• [What is required] Wherever the listing holds a picture, leave it out, and copy the remainder exactly.

• [Input data]

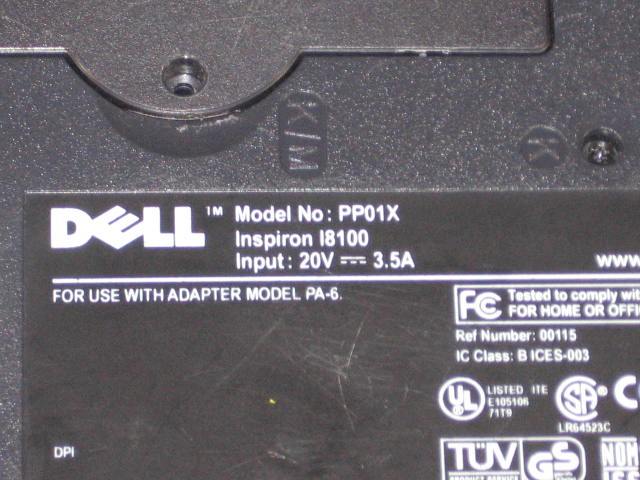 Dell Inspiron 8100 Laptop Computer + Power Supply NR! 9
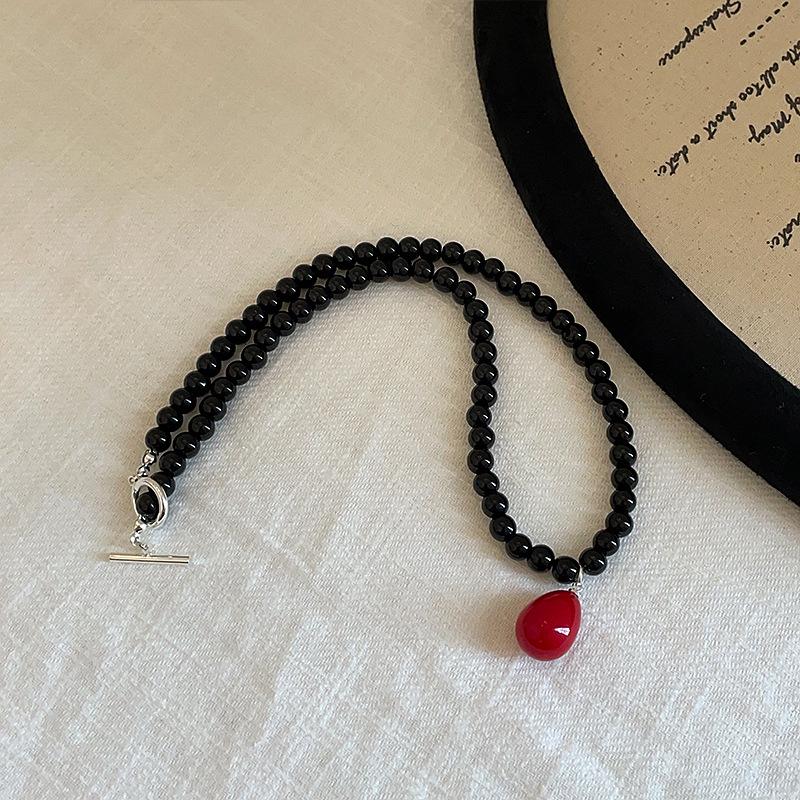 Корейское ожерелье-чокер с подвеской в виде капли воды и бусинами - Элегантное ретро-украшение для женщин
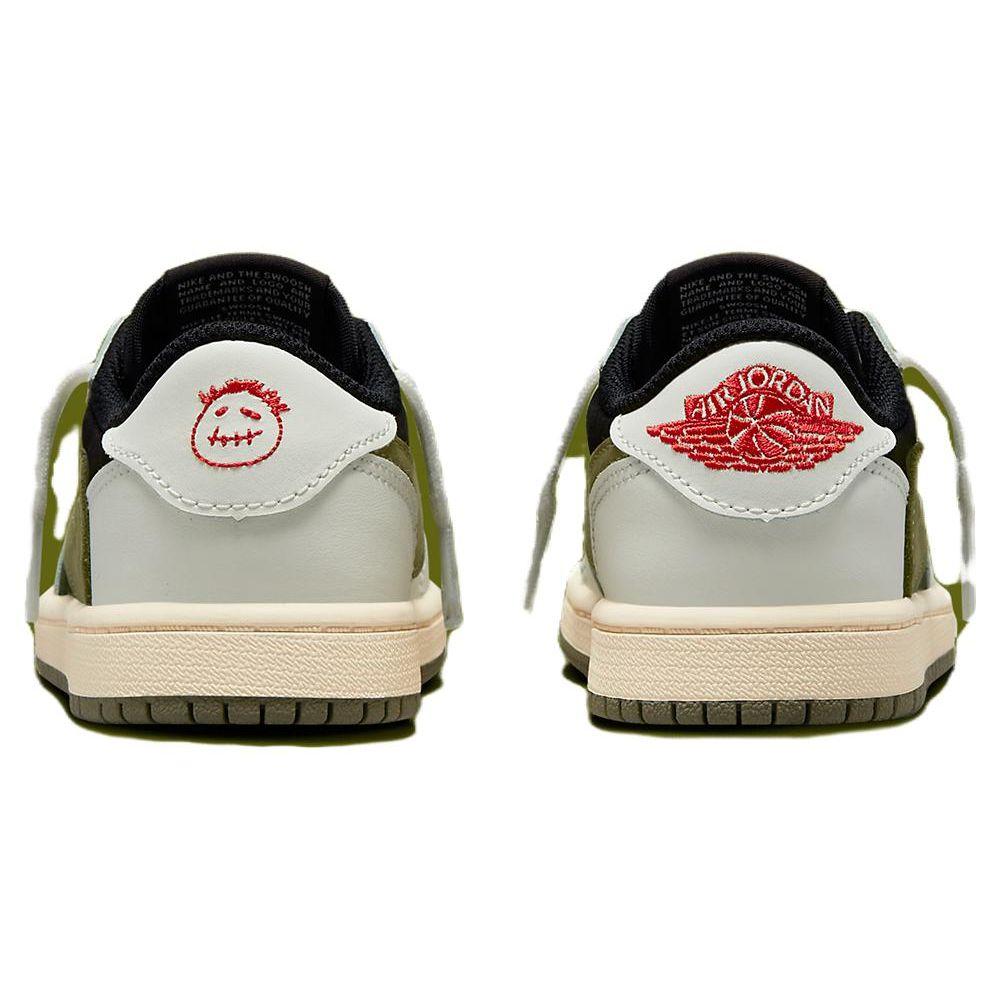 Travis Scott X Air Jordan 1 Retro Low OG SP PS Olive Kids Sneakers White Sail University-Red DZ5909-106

• [Solution]
 Dell Inspiron 8100 Laptop Computer + Power Supply NR! 9
 Корейское ожерелье-чокер с подвеской в виде капли воды и бусинами - Элегантное ретро-украшение для женщин
 Travis Scott X Air Jordan 1 Retro Low OG SP PS Olive Kids Sneakers White Sail University-Red DZ5909-106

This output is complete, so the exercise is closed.